Cette âme meusienne, que j’ai essayé d’indiquer ici brièvement, un écrivain originaire de l’un des villages riverains de l’Argonne, M. Ernest Beauguitte, vient d’en étudier les manifestations les plus caractéristiques dans un beau livre, artistement illustré. J’ai grand plaisir à annoncer cette publication à nos compatriotes et à tous les amis des traditions provinciales. Dans ce livre imprégné d’une bonne saveur de terroir, M. Beauguitte fait revivre, avec un réel talent d’évocateur, des figures, des souvenirs et des paysages qui nous sont chers. Il nous conte les héroïques prouesses d’Alberte-Barbe de Saint-Balmont, une amazone meusienne du XVIIe siècle. Il nous conduit au cœur de cette légendaire et poétique forêt d’Argonne, qui abrite au fond de ses gorges ou parmi ses clairières une population à part : – sabotiers nomades, brioleurs, brintiers, fondeurs d’étain, verriers pauvres comme Job et fiers comme le Cid. Il nous la montre pleine encore des échos épiques des combats de 1792. Il nous redit la grandeur et la décadence de ces gentilshommes verriers qui en furent les hôtes chevaleresques et étranges. Il ressuscite le drame palpitant de Varennes : la fuite et l’arrestation de Louis XVI ; la courageuse fermeté de l’épicier Sauce, si mal récompensé de son patriotisme. Enfin il nous décrit ce bourg de Damvillers où vécut Bastien-Lepage et il célèbre dignement la mémoire de ce grand peintre trop tôt enlevé à l’art français.

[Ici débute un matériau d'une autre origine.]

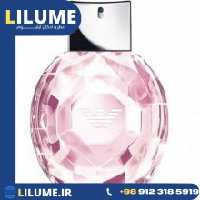عطر ادکلن جیورجیو آرمانی امپریو آرمانی دیاموند رز 50 میل زنانه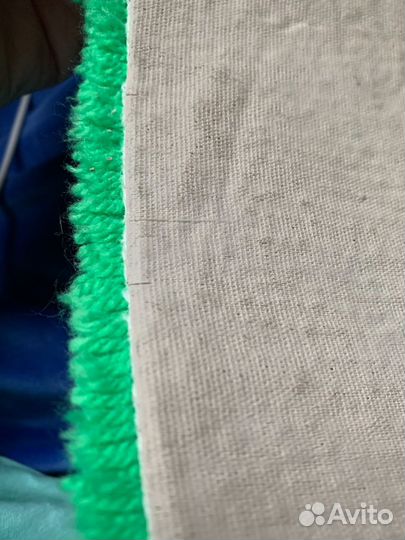 Ткань для тафтинга подложка для ковра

J’ai lu tout d’une haleine ces pages consacrées à notre commun pays d’origine. J’ai respiré avec joie ces odorantes fleurs de « l’Âme Meusienne » et, grâce à M. Beauguitte, du fond de mon ermitage de la banlieue parisienne, j’ai vu surgir les collines et les forêts de ce Barrois où j’ai fait tant d’écoles buissonnières, et dont les chères images charment mon âge finissant :
Et dulces moriens reminiscitur Argos…
Je souhaite de tout cœur la bienvenue à L’Âme Meusienne. Je suis persuadé qu’elle trouvera un chaleureux accueil chez nos compatriotes et chez tous ceux qui ont pieusement gardé le culte de la petite patrie.
ANDRÉ THEURIET.
30 novembre 1904.
I
Une amazone meusienne
Mme de Saint-Balmont
Un matin de mars 1659, à l’aube pâle, les dernières étoiles clignotant encore dans le ciel, on heurtait à la lourde porte du couvent des Clarisses, à Bar-le-Duc.

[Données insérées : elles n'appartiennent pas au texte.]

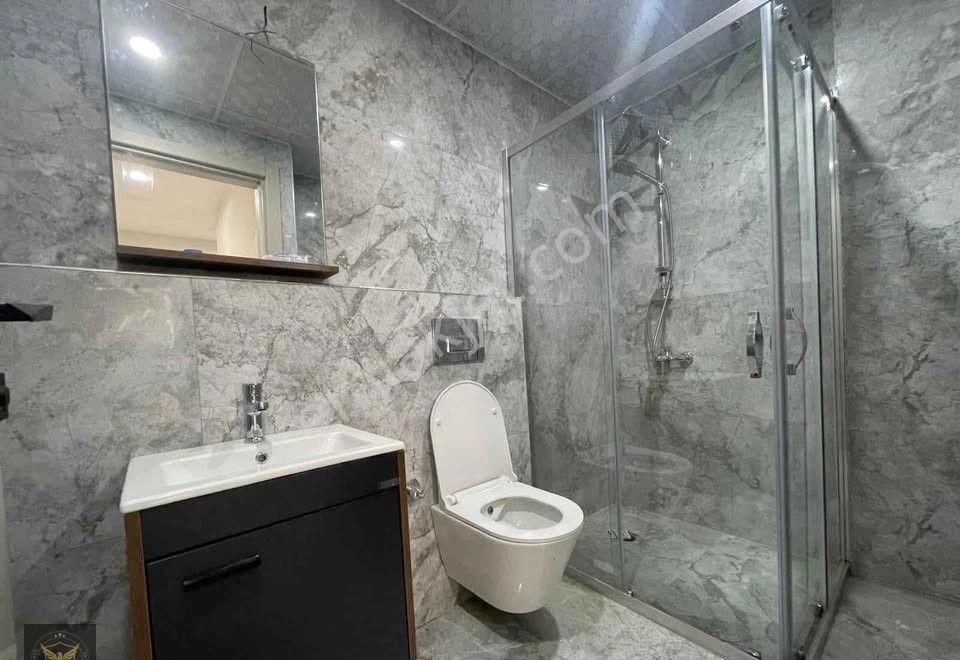 Şahin İnşaat'tan Güzelyurt Mah. İbiş Otel Arkasında 1+1 Giriş Kat Daire - Görsel 8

Et par l’huis entrebâillé, la sœur tourière vit un spectacle étrange : en présence de deux demoiselles impuissantes à retenir leurs larmes, une femme de cinquante ans environ, en habits de guerre, la tête couverte d’un large chapeau retroussé par un cordon de perles et orné de longues plumes, bottée, éperonnée, remettait à un jeune gentilhomme son cheval harnaché, son épée et ses pistolets.
Le gentilhomme s’éloigna.
La femme et les deux demoiselles pénétrèrent chez les religieuses de Sainte-Claire. Et la massive porte se referma. Quelques minutes après, toute la communauté assemblée, la femme se prosternait aux pieds de l’abbesse et disait : « Mes révérendes Mères, je vous supplie de recevoir parmi vous une pauvre et misérable pécheresse. »

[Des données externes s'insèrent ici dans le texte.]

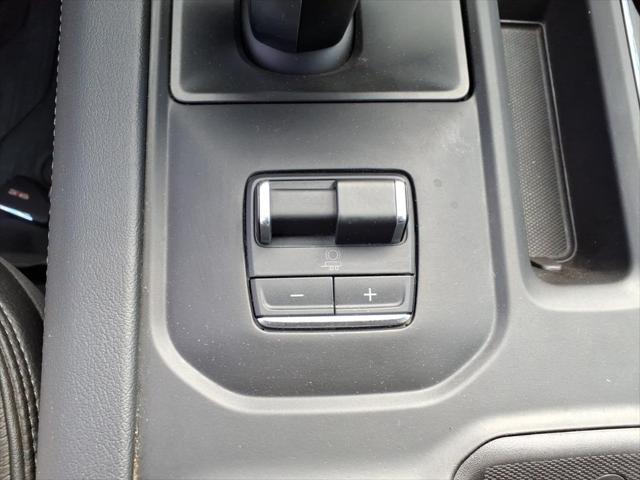 2024 GMC Sierra 1500 4WD Crew Cab Short Box Denali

L’humble pécheresse était la riche Alberte-Barbe d’Ernecourt, dame de Saint-Balmont.
*
**
« Ce fut en 1638, si je ne me trompe, – écrit dans ses Mémoires l’abbé Arnauld – que j’eus l’honneur de connaître cette amazone de nos jours, Mme la comtesse de Saint-Balmont, dont la vie a été un vrai prodige de valeur et de vertu, ayant rassemblé en sa personne toute la fierté d’un soldat déterminé et toute la modestie d’une femme véritablement chrétienne. La moitié de ce témoignage lui fut rendue en ma présence par quelques soldats espagnols, qu’elle avait pris à la guerre, et qu’elle avait envoyés à Verdun au gouverneur, M. de Feuquières, lequel leur ayant demandé en riant s’ils avaient en leur pays des femmes aussi vaillantes que celle-là, l’un d’eux prit la parole et répondit furieusement : qu’il ne la prendrait jamais pour une femme, et qu’il lui avait vu faire des actions d’un soldat furieux. »
Et l’abbé Arnauld ajoute :
« Ceux qui liront ces Mémoires ne seront peut-être pas fâchés de savoir un peu plus particulièrement des nouvelles d’une femme si extraordinaire. »
Contons donc, après Tallemant des Réaux ; après l’abbé Arnauld ; après le père Jean-Marie, religieux pénitent du Tiers-Ordre de Saint-François ; après le Père des Billons, de la Compagnie de Jésus ; – en nous servant de leurs intéressants travaux, mais en utilisant aussi des documents inédits qu’a bien voulu nous communiquer M. le comte de Nettancourt, un de ses descendants, – contons l’histoire authentique et merveilleuse de Mme de Saint-Balmont .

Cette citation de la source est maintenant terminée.